## How to complete this task:
No pictures belong in the copy. Retype exactly, and only, the stretch of lines below from the one with "Que es la Biblia Catolica Resumen" through the one with "test reply to email from youtube".

Information supplied section start

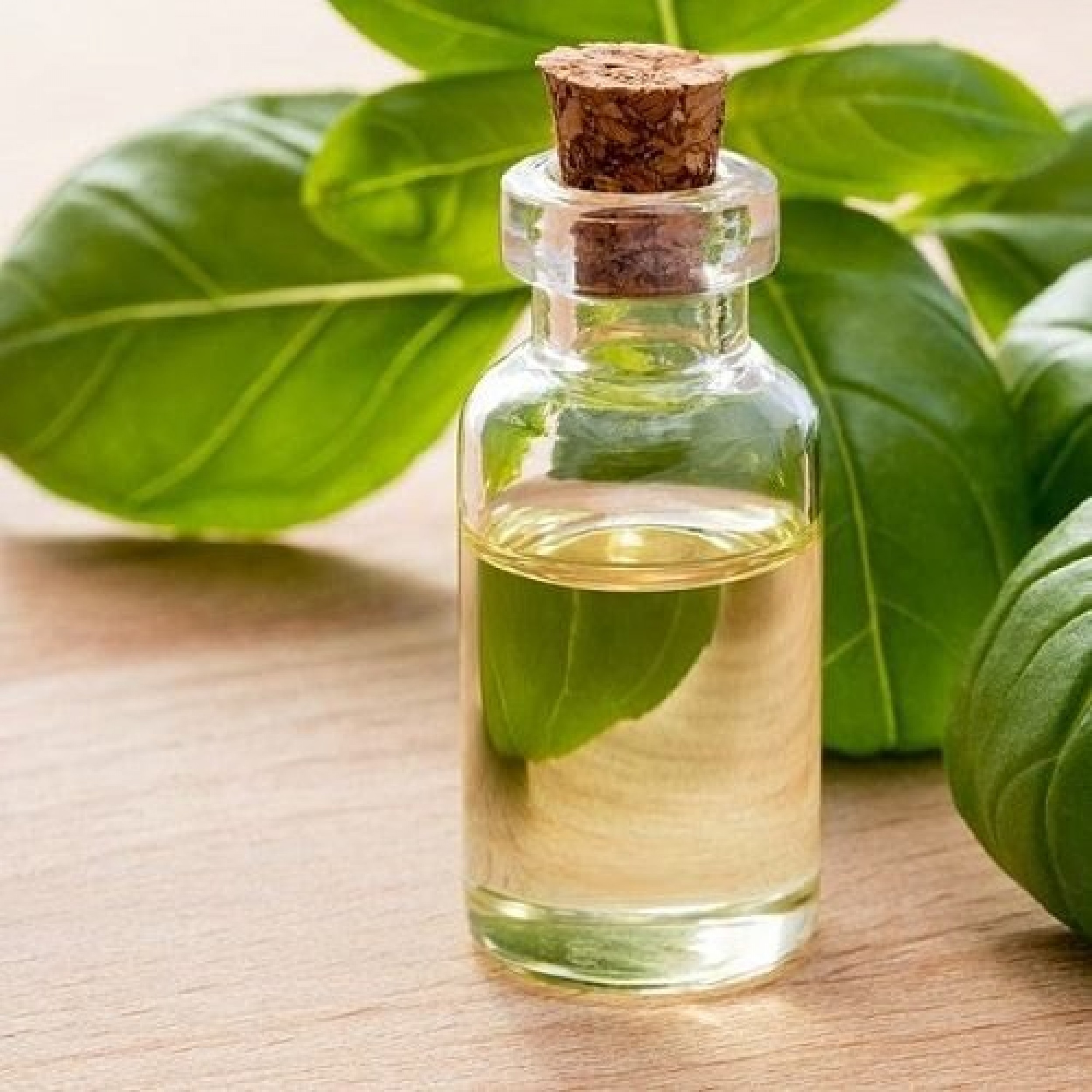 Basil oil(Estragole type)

Information supplied section end
Information supplied section start

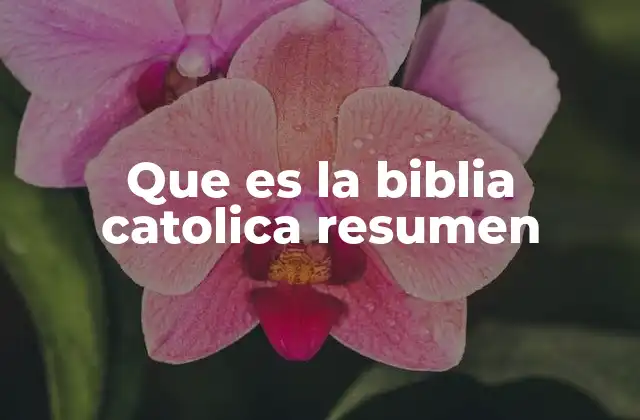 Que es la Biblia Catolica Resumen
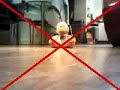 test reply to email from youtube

Information supplied section end

## Written response:
 Que es la Biblia Catolica Resumen
 test reply to email from youtube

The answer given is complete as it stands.